• [EXERCISE INSTRUCTIONS]
Omit all pictures, then retype the data exactly as given.

• [DATASET EXTRACT]
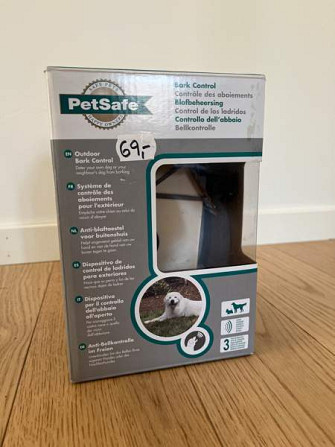 Petsafe haukunnanestolaite Hyvinkää - valokuva 1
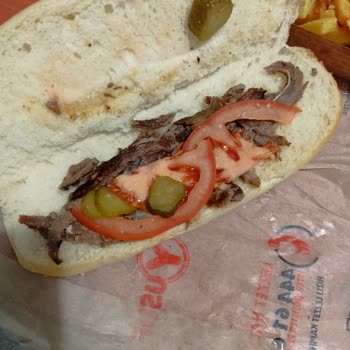 Tam Ekmek Döner Menüsü Az Gramajlı Gönderildi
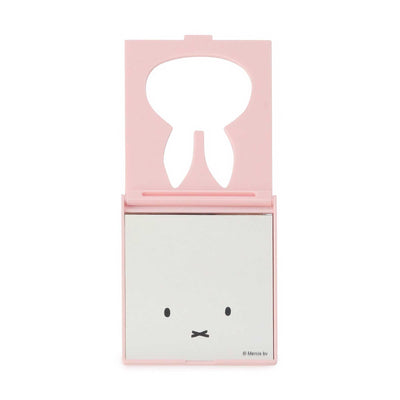 Miffy Face Pink Silhouette Mirror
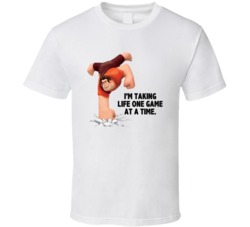 Wreck It Ralph Smashing Ralph Im Taking Life One Game At A Time Favori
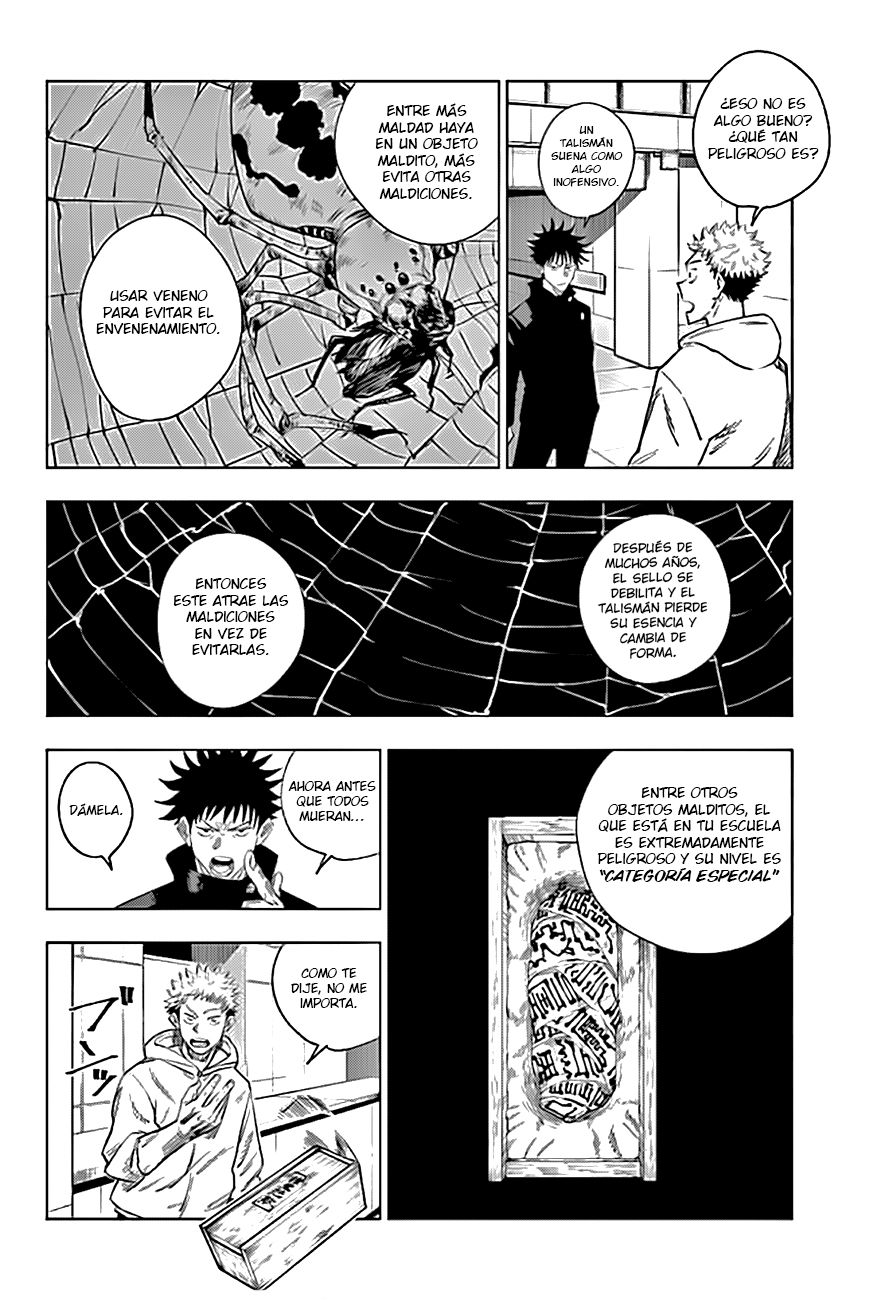 Read Jujutsu Kaisen (es) Manga Online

• [RESPONSE TO THIS EXERCISE]
 Petsafe haukunnanestolaite Hyvinkää - valokuva 1
 Tam Ekmek Döner Menüsü Az Gramajlı Gönderildi
 Miffy Face Pink Silhouette Mirror
 Wreck It Ralph Smashing Ralph Im Taking Life One Game At A Time Favori
 Read Jujutsu Kaisen (es) Manga Online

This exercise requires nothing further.